Click to add a lot of points near the mean,
so that the Normal curve gets taller and thinner,
and add a couple of far-distant points at the sides.
See if you can get some points to lie more than 3 SDs from the mean.
Some tutorial exercises which might be useful to try:
1. Click to make 10 points with a mean y-value of around 5,
and a standard deviation of around 10.
(The points will need to be quite spread-out for this).
The red bars show the 95% confidence interval.
This means that if the data points were randomly sampled
from a broader population, then we can be 95% sure
that the actual mean of that broader population
sits somewhere within that confidence-interval.
Does this 95% confidence interval include the value y=0?
What is the size of the p-value of the t-test?
The meaning of this p-value is that it is the probability of observing
that t-value, if the population that the points were sampled from
actually had a mean equal to zero.
2. Now add another 10 points, keeping the mean the same at around 5,
and the standard devation the same at around 10.
What happens to the size of the 95% confidence interval?
Does this confidence interval include y=0 now?
What is the new p-value?
Some tutorial exercises which might be useful to try:
1. Click in the left-half of the figure
to make a few points in Group A with a mean of around 5,
and in the right-half to make a few points in Group B
with a mean of around 10.
The red bars show the 95% confidence interval for each group.
This means that if the data points were randomly sampled
from a broader group-population, then we can be 95% sure
that the actual mean of that broader group-population
sits somewhere within that confidence-interval.
2. What is the size of the p-value of the two-sample t-test for the groups you made?
What is the size of the t-value for the difference between the two group-means?
The meaning of the p-value is that it is the probability of observing
that t-value, if the two group-populations that the data points
were sampled from actually had the same means as each other.
How much overlap is there between the 95% confidence intervals
of the two groups?
3. Click to add or delete some points so that the confidence intervals
of the two groups become more overlapping with each other.
What is the new t-value?

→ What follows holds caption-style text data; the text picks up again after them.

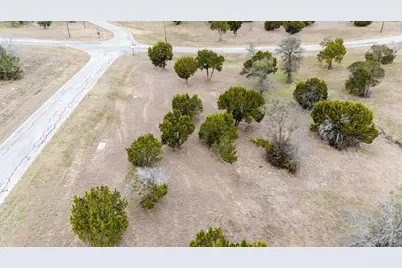 7105 S Aberdeen Drive, Cleburne, TX 76033 - Photo 3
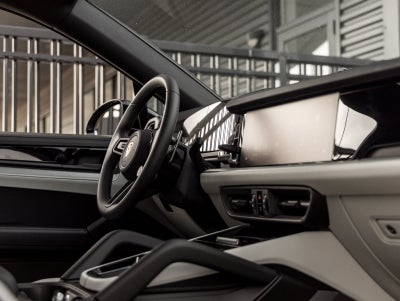 2025 Porsche Cayenne E-Hybrid Coupe Base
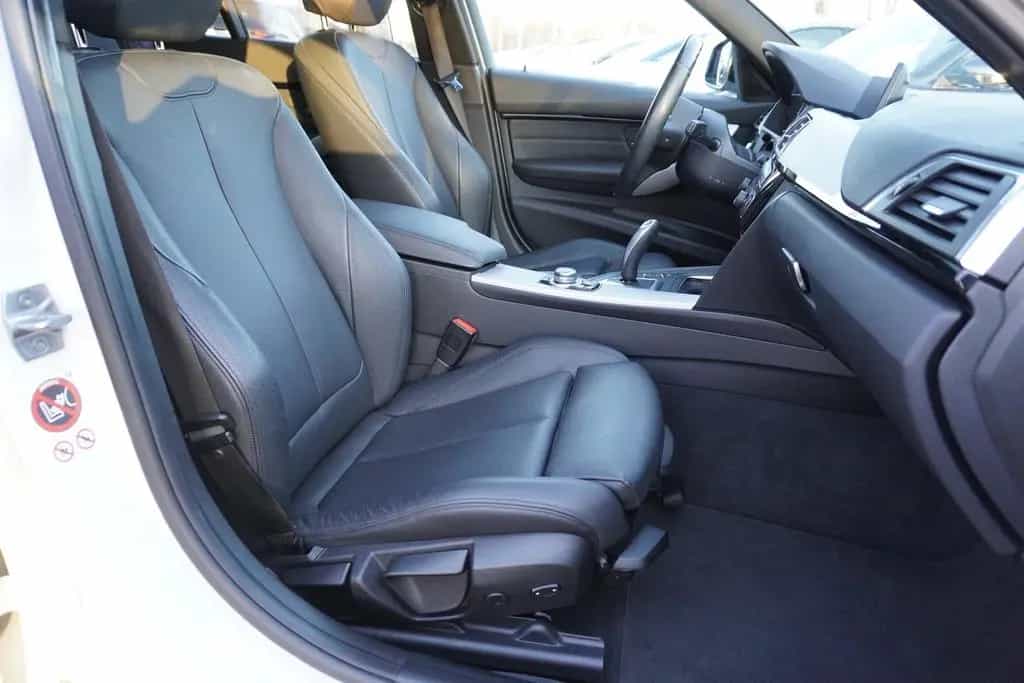 BMW 3 Series 318i M Sport Shadow Aut. LED Navi Panorama Leder 04/2017-photo-11
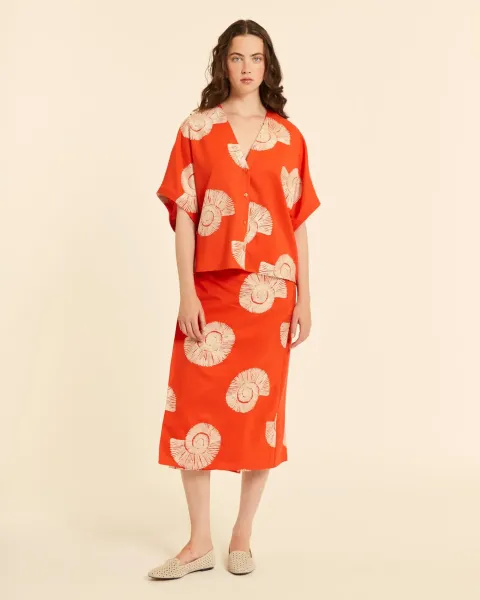 Top Kimono Pepaloves Coral | Bordado Caracolas Marinas | Maldita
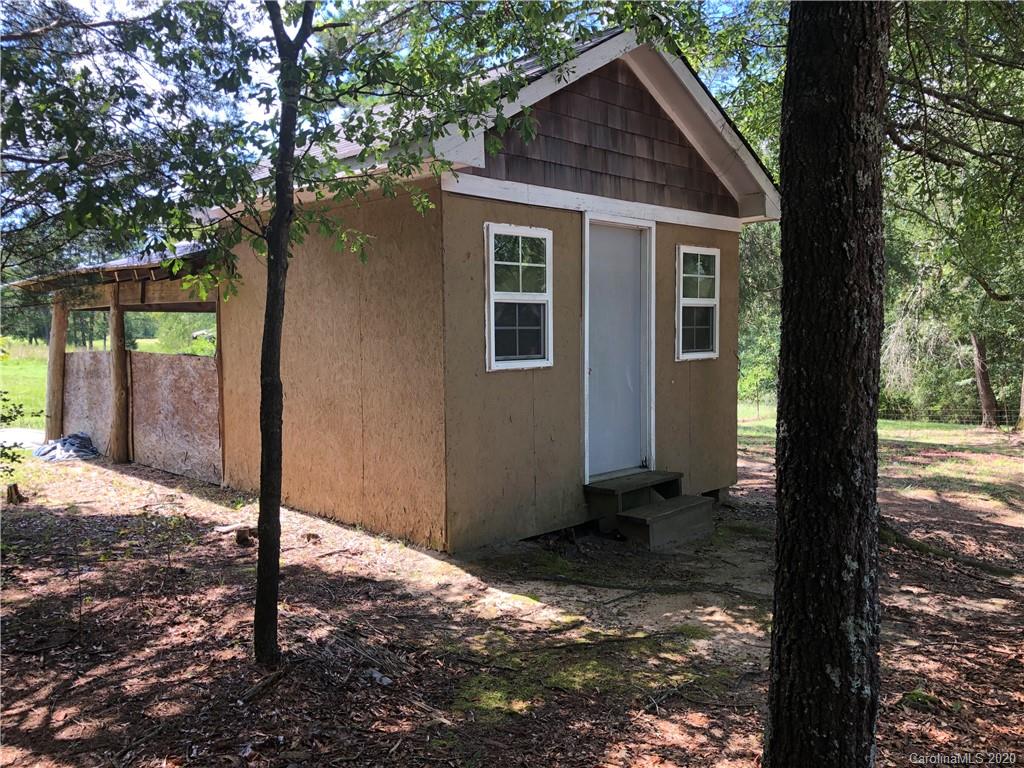 4804 Blade Run Road Edgemoor, SC 29712 - Photo 3 of 21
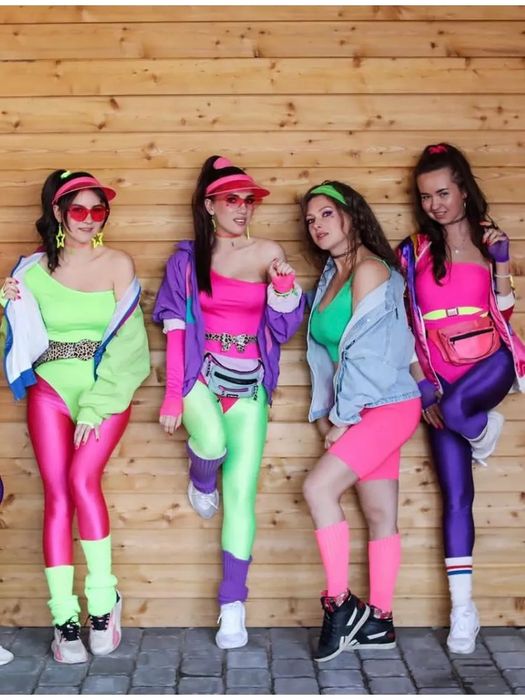 Яркие лосины из 90ых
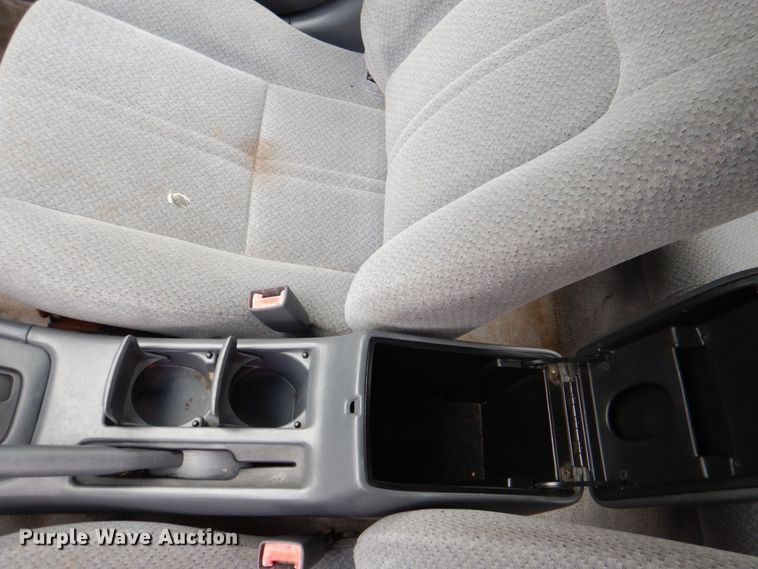 image for item MF9160 2001 Toyota Camry LE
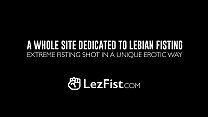 lezfist-3-6-217-video-luna-rival-lexi-dona-72p-1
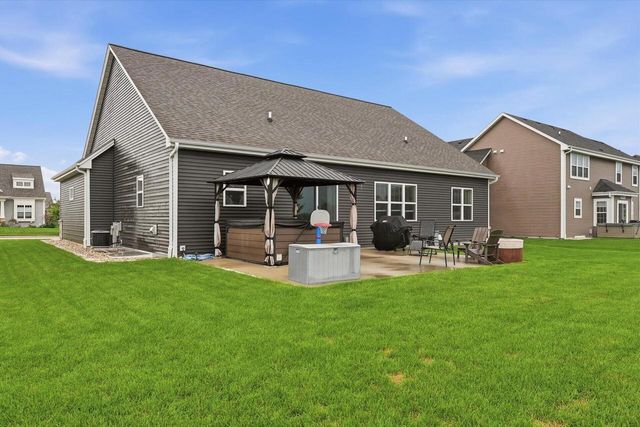 1431 Rosewood PASS, Oconomowoc, WI 53066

What is the new p-value?
4. Can you make two groups which have quite similar mean-values,
but where those mean-values are still significantly different from each other?

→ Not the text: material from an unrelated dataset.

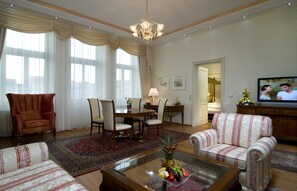 Executive Suite | Living room | Flat-screen TV - Zvon Design Suites (Ceske Budejovice)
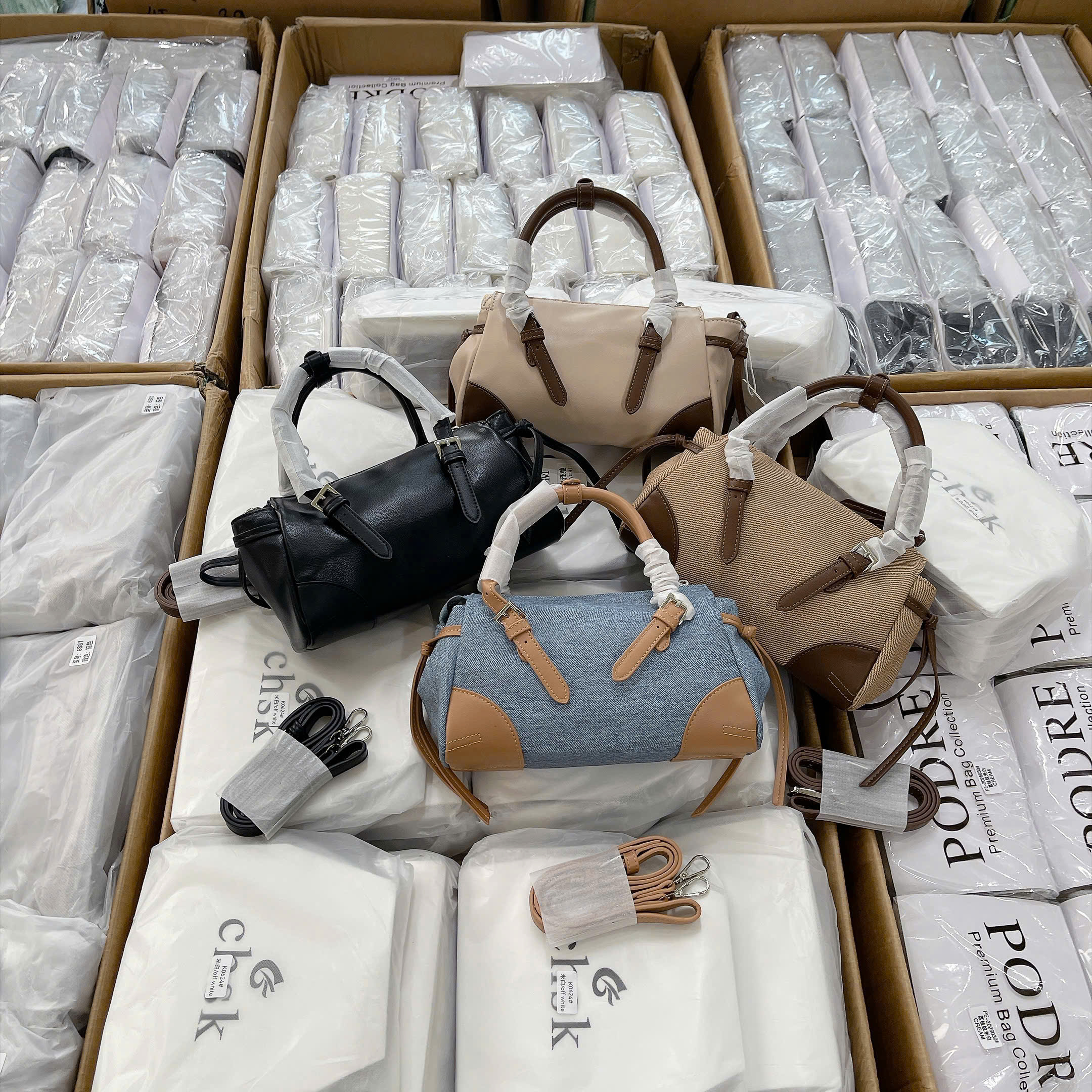 M0812# Túi xách 2 quai dáng trống đế da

5. Now try to make two groups which have very different means,
but where the mean-values are *not* significantly different from each other.
Some tutorial exercises which might be useful to try:
1. Click to make a few points in more or less a straight line.

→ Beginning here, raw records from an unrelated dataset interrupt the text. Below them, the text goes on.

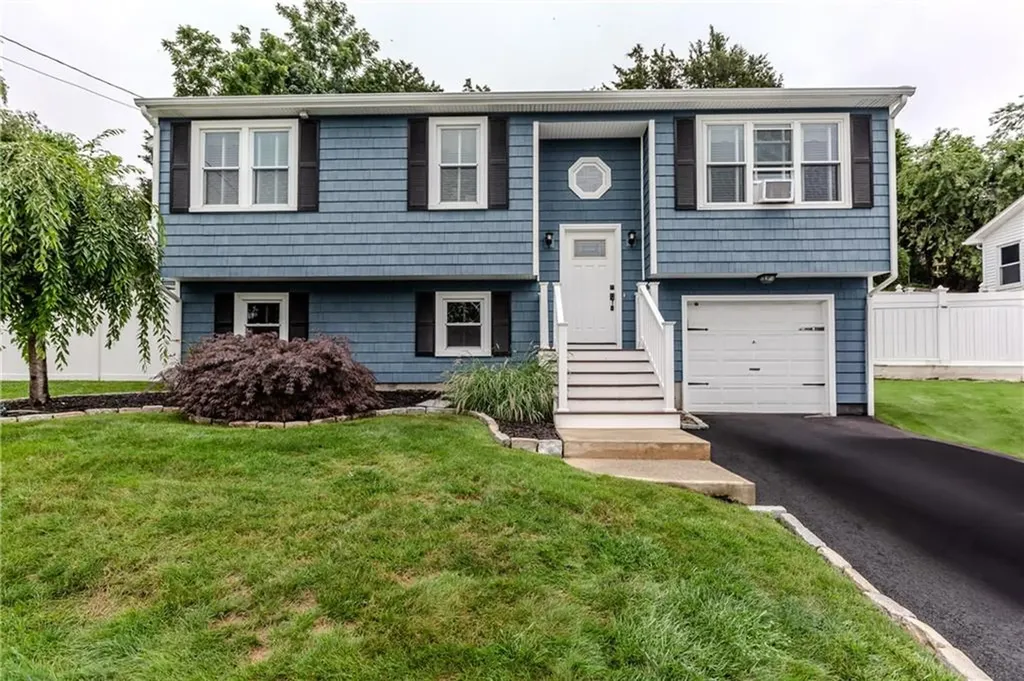 10 Pembroke Drive Johnston RI 02919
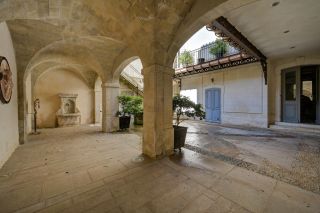 hôtel particulier 14 Pièces en vente sur AVIGNON (84000)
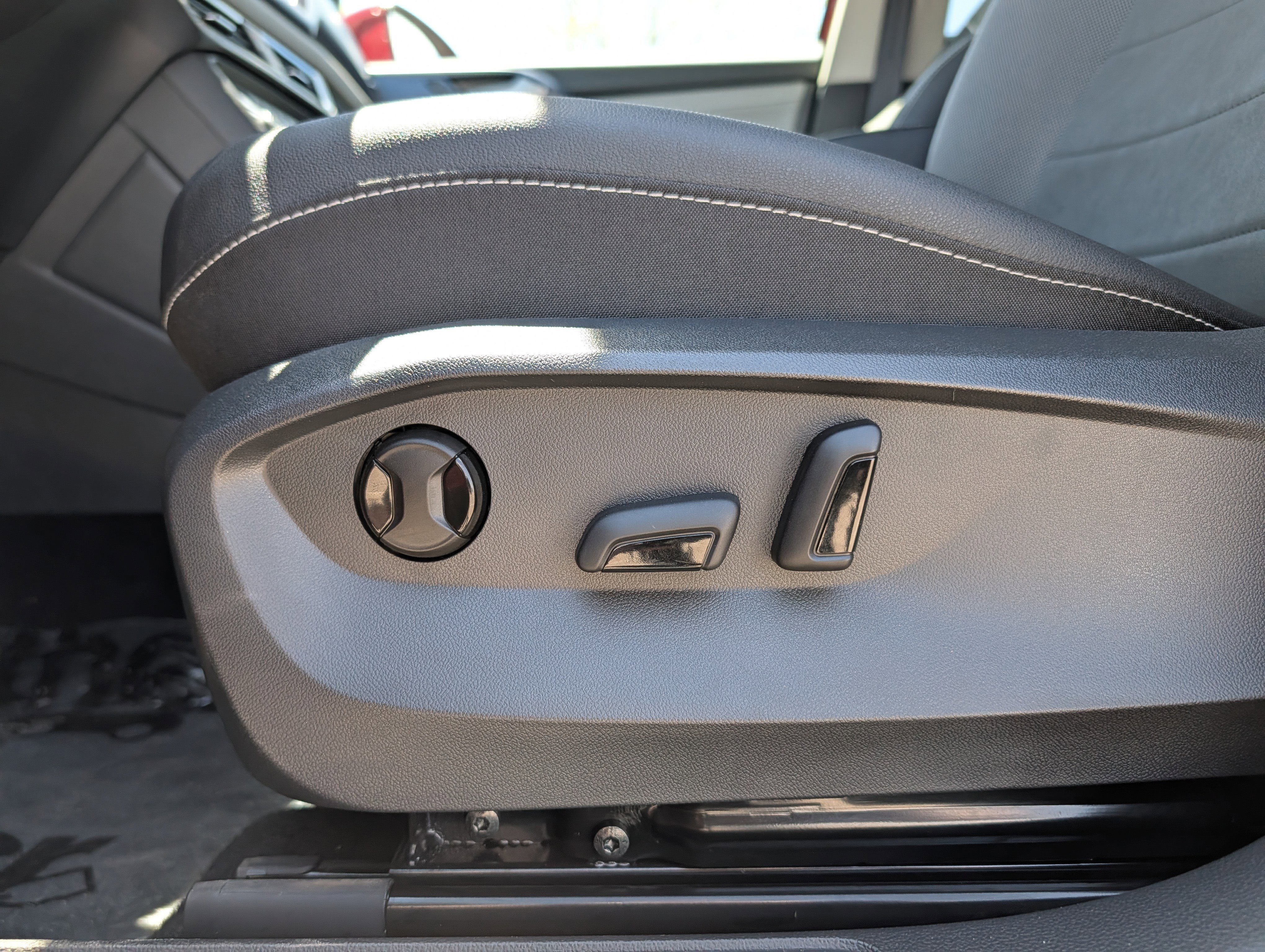Used 2024 Volkswagen Taos SE AWD/4WD image 21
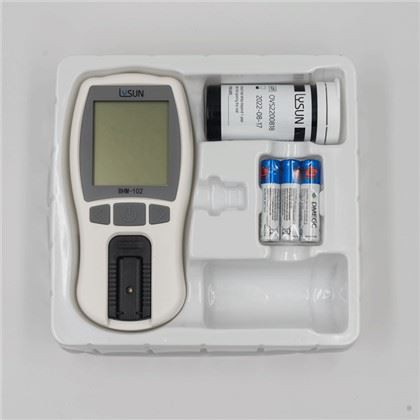Automatische herkenning van strips en hemoglobineanalyse Digitale meter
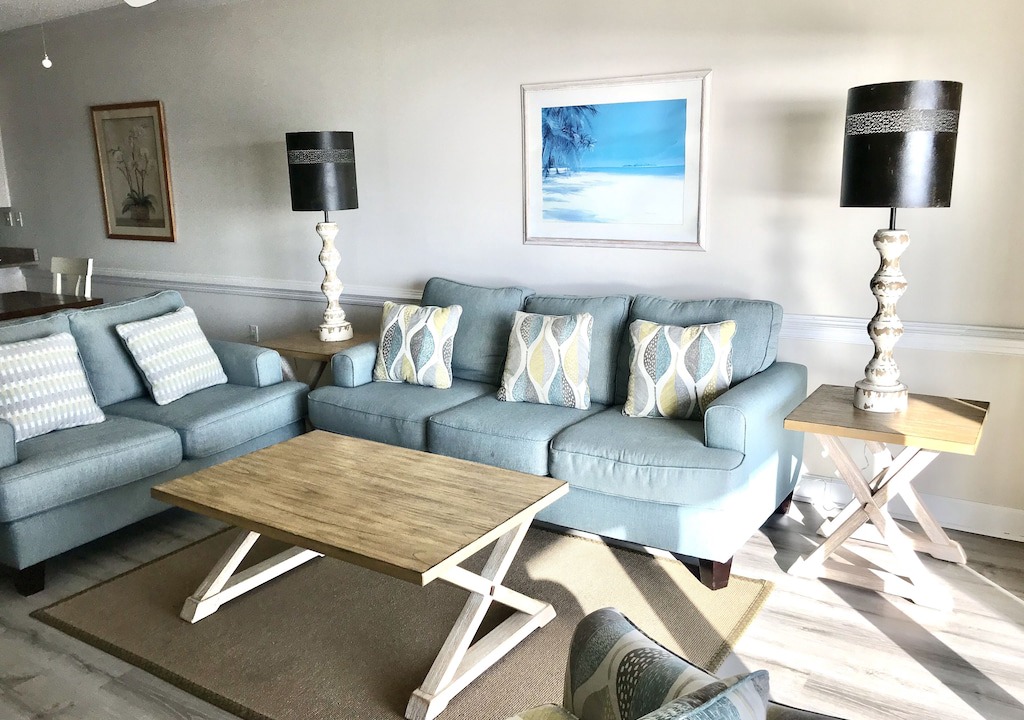 Photo of Livingroom in Orange Beach East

What is the correlation value?
Now add a point far away from the line.
What does adding that point do to the correlation value?
Try deleting the point by clicking on it, then re-adding it, to
compare.
2. Click outside the axes to reset the plot.
Now put in about 10 points in a oval-ish cloud,
deleting and adjusting them so that you get a correlation
of around r=0.6.
What is the size of the p-value associated with this correlation?
(This p-value is the probability of observing this r-value
if the population the points were sampled from actually had zero correlation).
Now add another 10 points, so that there are 20 in all,
while keeping the correlation value at r=0.6.
What is the p-value now?
3. Click outside the axes to reset the plot.
Now make in turn, approximately, each of the four plots
shown in Anscombe's Quartet:
What does this tell you about how only knowing a correlation-value
might give you a misleading picture of the data?